Free TV Australia CEO, Bridget Fair, said, “The election advertising blackout is arcane and outdated and we fully support the committee’s recommendation to get rid of it.
“The restriction was introduced more than a quarter of a century ago and has been made redundant by changes in the media industry, in particular, the rise of online media. It’s farcical that broadcasters have to adhere to the three-day blackout, while the unregulated digital platforms can run ads right up to – and on – election day.
“It makes absolutely no sense that come election day, the only place you won’t find a political ad is on television or radio,” she said.
Joan Warner, chief executive officer of Commercial Radio Australia said, “This election advertising blackout rule is an old restriction that hasn’t caught up with modern media.
“We’re very pleased the Senate Legal Committee has now also unanimously voiced concerns regarding ‘the appropriateness of the electoral advertising blackout’ in a changing media landscape.

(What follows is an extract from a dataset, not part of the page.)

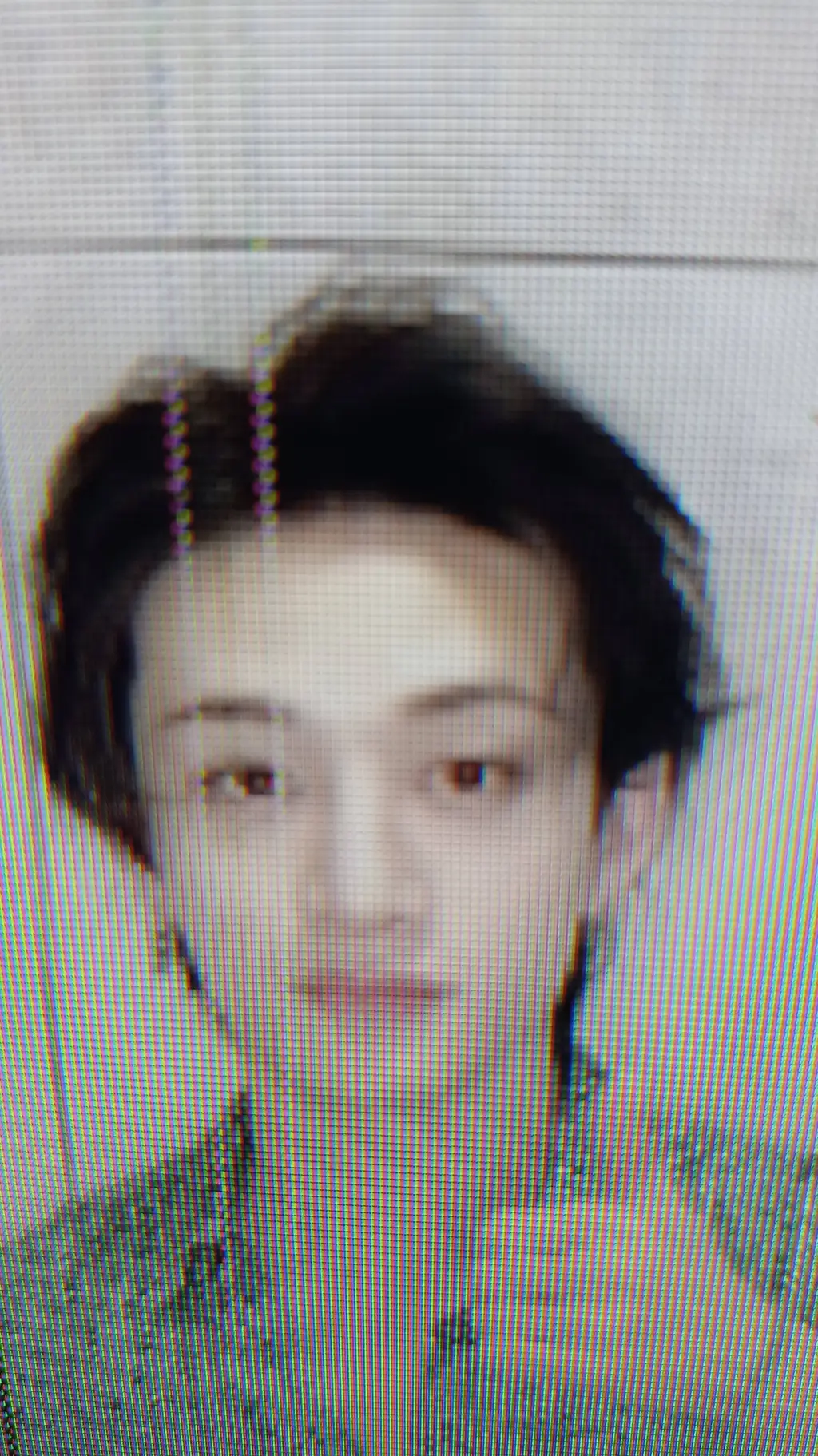 ai character: chan background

This advertising blackout has a significant financial impact on local radio broadcasters, and we welcome its removal as soon as possible to remove inequity in the marketplace and end the differential treatment of local radio stations.”
“It’s time to modernise the many outdated laws that disadvantage commercial free-to-air television broadcasters in competing with new media platforms,” said Free TV Australia CEO, Bridget Fair. “Ditching the ban on television and radio ads in the three days before an election is a logical and fair first step.”
Under the current regulatory imbalance, three days before an election, political ads cannot be placed on local radio but can be placed in digital media, print, direct and outdoor as well as being sent by sms directly to personal to mobile phones right up until the closing of the polls.